In a set of early records from Westchester County is an unassuming reminder of the history of witchcraft in colonial New York. Although written in a daunting-to-read seventeenth century hand, the reminder is a statement dated September 5, 1670, acknowledging payment of fourteen pounds to a Katharine Harrison by Joseph Palmer, “fully and abessolutely” satisfying his debt. Aside from its age, it’s not an otherwise noteworthy record. But, as we’ll see, that belies the curious story unfolding around it.
A native of England, Katherine Harrison had settled in Wethersfield, Connecticut in 1651 before marrying John Harrison two years later in 1653. By 1669, Harrison was not only widowed but stood accused of practicing witchcraft by her fellow townspeople. A Hartford jury would convict her in late spring, 1670. The court, exercising discretion, subsequently banished her from Connecticut rather than accept the jury’s recommendation that she be put to death. Harrison, having escaped the far worse fate, ended up moving to Westchester to live with her youngest daughter, Rebeckah and her new husband Thomas Hunt.

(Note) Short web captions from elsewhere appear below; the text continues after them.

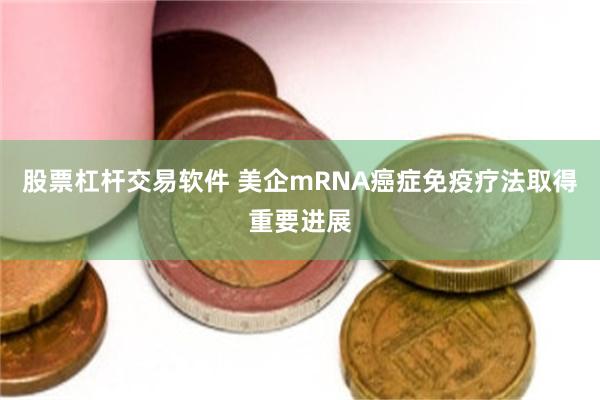 股票杠杆交易软件 美企mRNA癌症免疫疗法取得重要进展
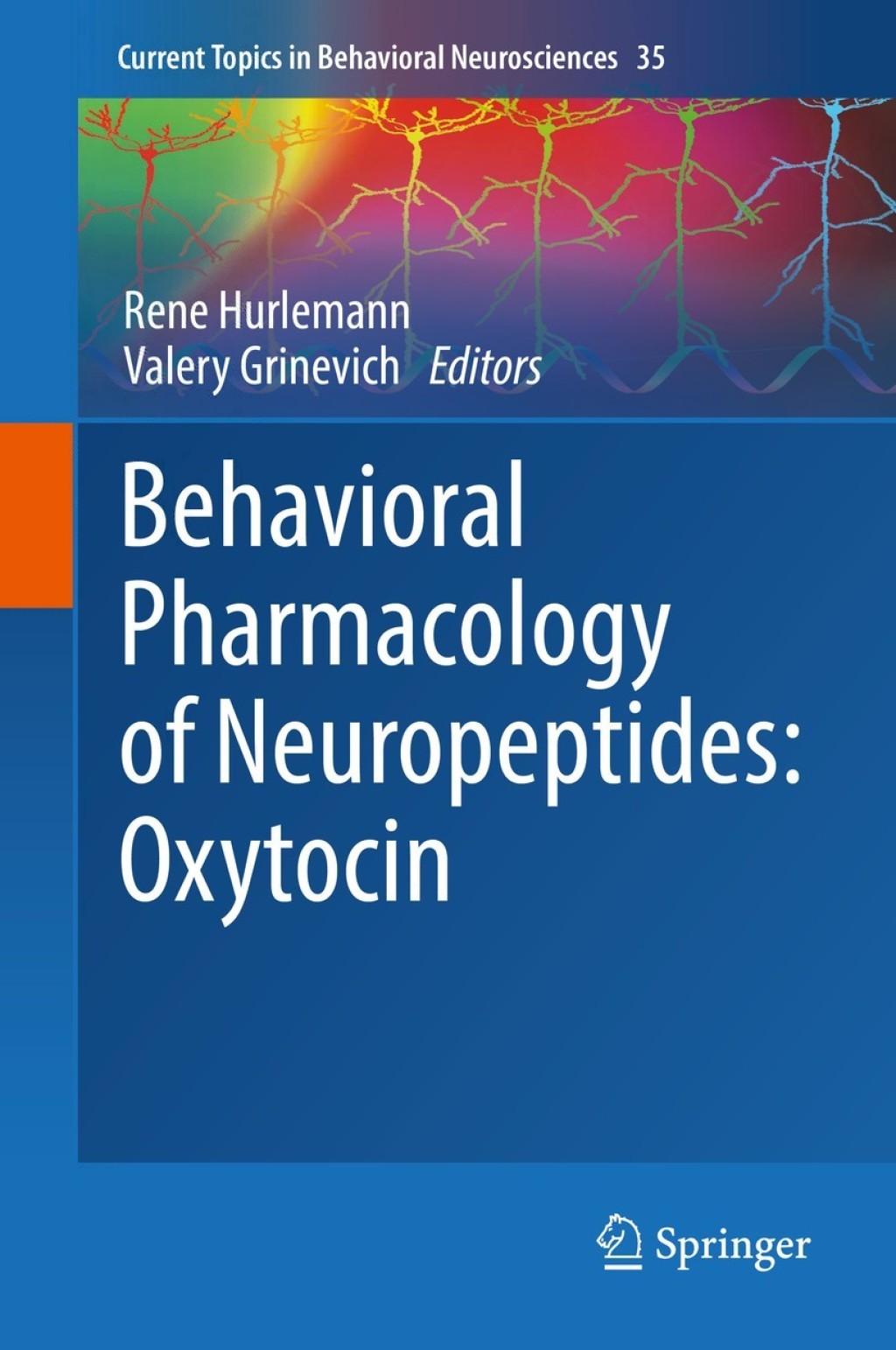 Behavioral Pharmacology of Neuropeptides: Oxytocin 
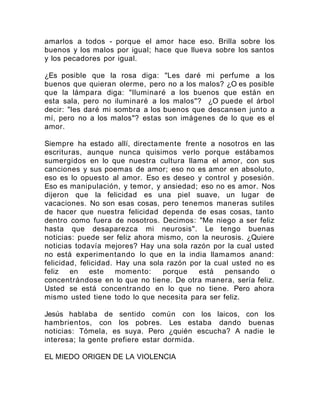 amarlos a todos - porque el amor hace eso. Brilla sobre los
buenos y los malos por igual; hace que llueva sobre los santos
y los pecadores por igual.
¿Es posible que la rosa diga: "Les daré mi perfume a los
buenos que quieran olerme, pero no a los malos? ¿O es posible
que la lámpara diga: "Iluminaré a los buenos que están en
esta sala, pero no iluminaré a los malos"? ¿O puede el árbol
decir: "les daré mi sombra a los buenos que descansen junto a
mí, pero no a los malos"? estas son imágenes de lo que es el
amor.
Siempre ha estado allí, directamente frente a nosotros en las
escrituras, aunque nunca quisimos verlo porque estábamos
sumergidos en lo que nuestra cultura llama el amor, con sus
canciones y sus poemas de amor; eso no es amor en absoluto,
eso es lo opuesto al amor. Eso es deseo y control y posesión.
Eso es manipulación, y temor, y ansiedad; eso no es amor. Nos
dijeron que la felicidad es una piel suave, un lugar de
vacaciones. No son esas cosas, pero tenemos maneras sutiles
de hacer que nuestra felicidad dependa de esas cosas, tanto
dentro como fuera de nosotros. Decimos: "Me niego a ser feliz
hasta que desaparezca mi neurosis". Le tengo buenas
noticias: puede ser feliz ahora mismo, con la neurosis. ¿Quiere
noticias todavía mejores? Hay una sola razón por la cual usted
no está experimentando lo que en la india llamamos anand:
felicidad, felicidad. Hay una sola razón por la cual usted no es
feliz en este momento: porque está pensando o
concentrándose en lo que no tiene. De otra manera, sería feliz.
Usted se está concentrando en lo que no tiene. Pero ahora
mismo usted tiene todo lo que necesita para ser feliz.
Jesús hablaba de sentido común con los laicos, con los
hambrientos, con los pobres. Les estaba dando buenas
noticias: Tómela, es suya. Pero ¿quién escucha? A nadie le
interesa; la gente prefiere estar dormida.
EL MIEDO ORIGEN DE LA VIOLENCIA
 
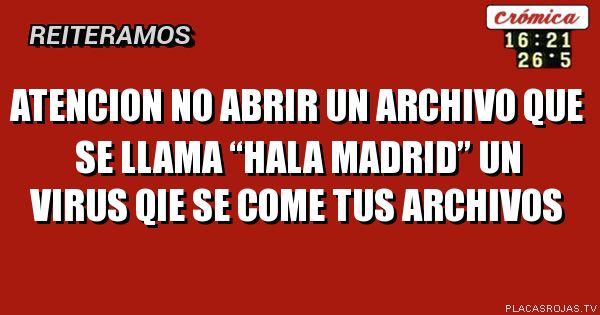 Atencion no abrir un archivo que se llama “HALA MADRID” 
Un virus qie se come tus archivos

It would seem a simple enough story were it to end there but records indicate that a dispute arose over property that Rebeckah claimed had been left to her by her late father but of which her mother had deprived her. It’s reasonable to assume the dispute in some way fueled concerns that soon arose within the town about having an accused witch as a neighbor. Townspeople submitted a petition to that effect and on July 7, 1670 Gov. Francis Lovelace himself summarily ordered Harrison to remove from Westchester. Katharine refused the order which brought her face to face with Lovelace on August 25, accompanied by Capt. Richard Ponton (with whom Harrison was then living and who witnessed the record above).
During the interview Ponton spoke on Harrison’s behalf and presented letters of support. In a statement that seemed to doubt the basis for her original Hartford conviction, Lovelace deferred the matter to the Court of Assizes, to take place that October. There Harrison would ultimately be exonerated of any wrongdoing leaving her free to carry on in Westchester without interference. Unfortunately for Harrison, her innocence in the eyes of the law didn’t persuade her neighbors and she continued to be the object of their complaints. One source even comments that further accusations were leveled against her during New York’s return to Dutch rule, in 1673.